### PROBLEM DESCRIPTION:
Output the complete listing exactly, please, and keep the pictures out of it.

START SUPPLIED DATA

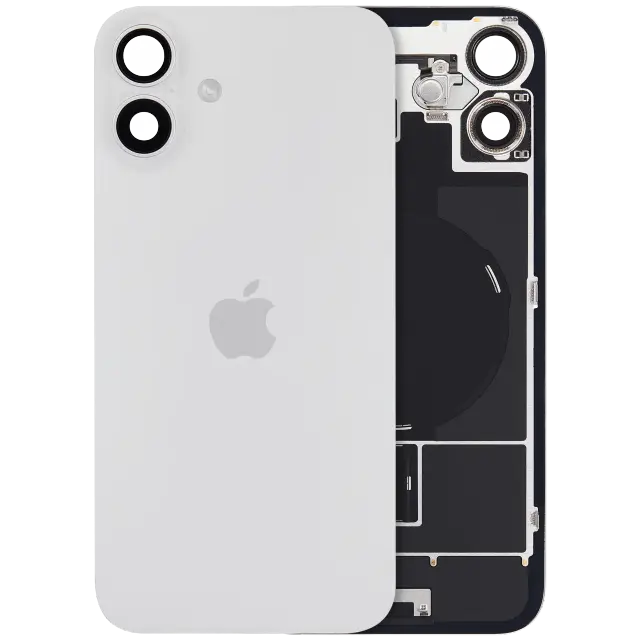 Vitre arrière avec MagSafe, NFC et nappe flash pour Apple iPhone 16 plus (UK / EU Version, origine, blanc)
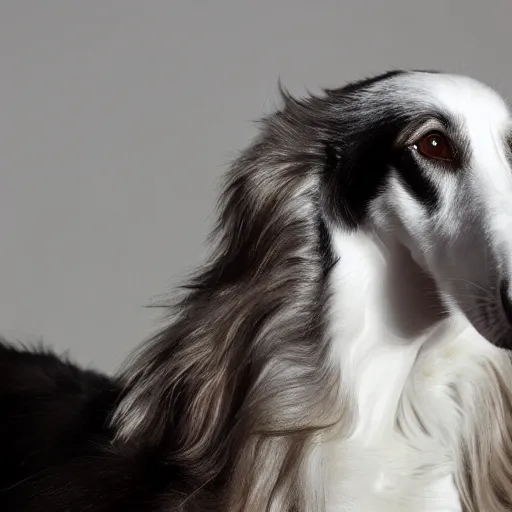 Image similar to fisheye lens photo of a borzoi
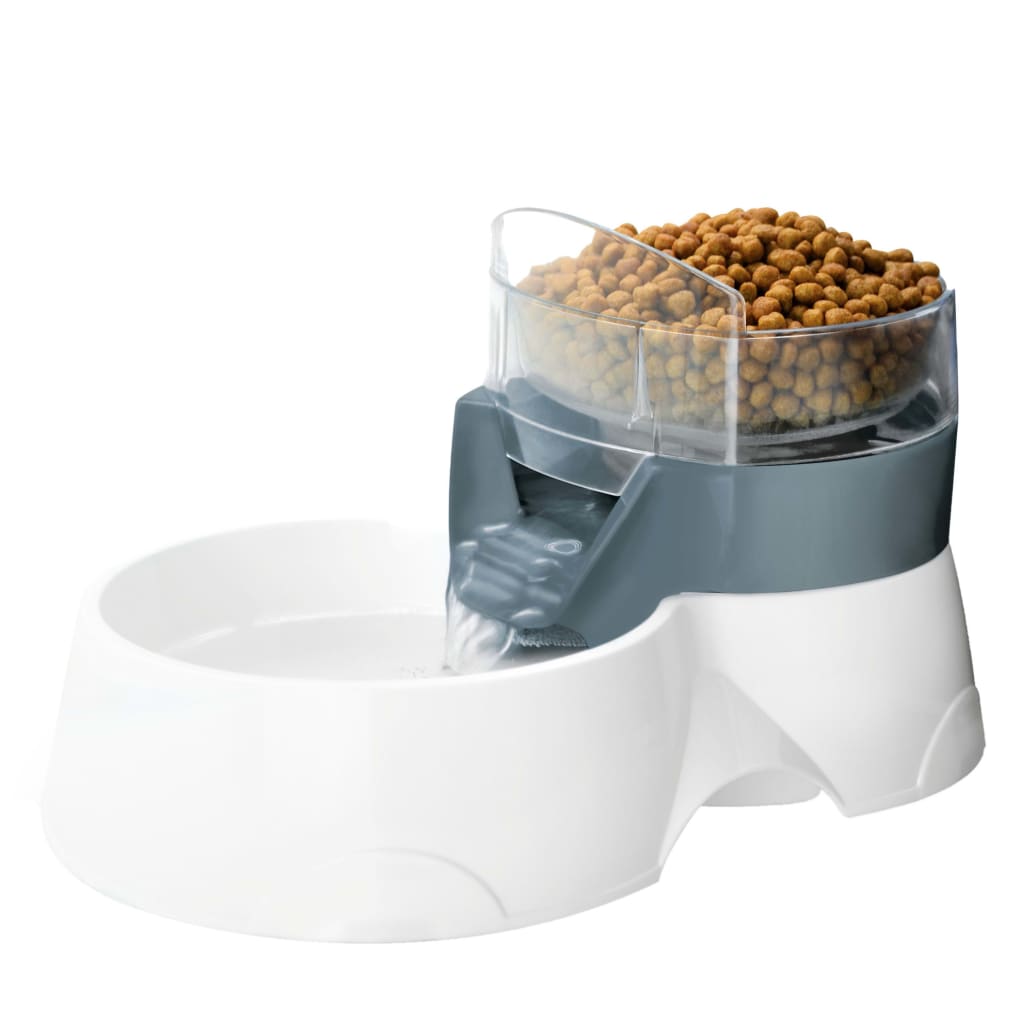 Ebi Distributore Cibo Automatico per Animali 28x19x17cm Bianco Grigio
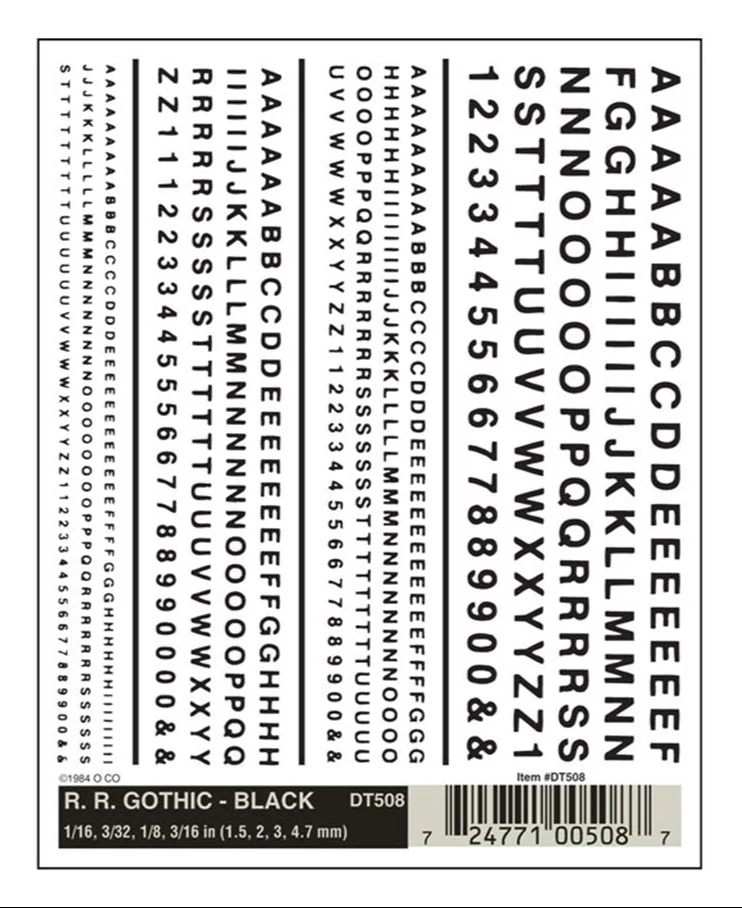 WDT508 DT508 WOODLAND SCENICS - Decals - R.R. Gothic - Black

END SUPPLIED DATA

### EXERCISE RESULT:
 Vitre arrière avec MagSafe, NFC et nappe flash pour Apple iPhone 16 plus (UK / EU Version, origine, blanc)
 Image similar to fisheye lens photo of a borzoi
 Ebi Distributore Cibo Automatico per Animali 28x19x17cm Bianco Grigio
 WDT508 DT508 WOODLAND SCENICS - Decals - R.R. Gothic - Black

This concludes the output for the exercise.